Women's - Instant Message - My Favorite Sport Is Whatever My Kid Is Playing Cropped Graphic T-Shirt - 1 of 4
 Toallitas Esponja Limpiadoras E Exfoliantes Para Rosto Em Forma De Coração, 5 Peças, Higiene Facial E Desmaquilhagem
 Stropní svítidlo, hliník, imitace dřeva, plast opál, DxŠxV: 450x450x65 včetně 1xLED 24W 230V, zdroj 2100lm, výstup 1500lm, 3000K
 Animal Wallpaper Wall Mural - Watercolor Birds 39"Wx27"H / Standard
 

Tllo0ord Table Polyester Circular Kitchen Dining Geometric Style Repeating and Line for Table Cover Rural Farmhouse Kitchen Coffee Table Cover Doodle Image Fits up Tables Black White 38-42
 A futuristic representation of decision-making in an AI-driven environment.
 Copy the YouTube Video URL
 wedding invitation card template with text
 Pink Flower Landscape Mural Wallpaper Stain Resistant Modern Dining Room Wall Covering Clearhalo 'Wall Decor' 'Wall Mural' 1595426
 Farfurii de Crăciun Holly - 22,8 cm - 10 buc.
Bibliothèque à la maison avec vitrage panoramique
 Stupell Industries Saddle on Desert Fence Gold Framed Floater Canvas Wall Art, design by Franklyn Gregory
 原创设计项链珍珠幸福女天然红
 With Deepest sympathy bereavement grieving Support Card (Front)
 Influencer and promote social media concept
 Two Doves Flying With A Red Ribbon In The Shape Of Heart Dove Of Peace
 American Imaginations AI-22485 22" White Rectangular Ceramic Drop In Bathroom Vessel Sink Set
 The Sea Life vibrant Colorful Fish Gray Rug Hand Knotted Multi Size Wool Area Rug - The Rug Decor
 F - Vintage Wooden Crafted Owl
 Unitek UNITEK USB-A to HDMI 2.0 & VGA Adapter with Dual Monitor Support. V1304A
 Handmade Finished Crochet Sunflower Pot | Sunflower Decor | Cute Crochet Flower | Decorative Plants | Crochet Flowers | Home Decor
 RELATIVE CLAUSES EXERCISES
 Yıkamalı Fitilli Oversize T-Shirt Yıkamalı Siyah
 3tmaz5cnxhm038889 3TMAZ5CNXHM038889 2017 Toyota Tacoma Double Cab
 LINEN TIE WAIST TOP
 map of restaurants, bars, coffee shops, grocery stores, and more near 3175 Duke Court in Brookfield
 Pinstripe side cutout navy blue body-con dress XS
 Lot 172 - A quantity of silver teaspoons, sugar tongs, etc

··········

§ **What this task involves**
Only the lines above from the line containing "Handmade Finished Crochet" through the line containing "map of restaurants, bars, coffee" should be retyped, exactly and with both ends included.

§ **Result for this exercise**
 Handmade Finished Crochet Sunflower Pot | Sunflower Decor | Cute Crochet Flower | Decorative Plants | Crochet Flowers | Home Decor
 RELATIVE CLAUSES EXERCISES
 Yıkamalı Fitilli Oversize T-Shirt Yıkamalı Siyah
 3tmaz5cnxhm038889 3TMAZ5CNXHM038889 2017 Toyota Tacoma Double Cab
 LINEN TIE WAIST TOP
 map of restaurants, bars, coffee shops, grocery stores, and more near 3175 Duke Court in Brookfield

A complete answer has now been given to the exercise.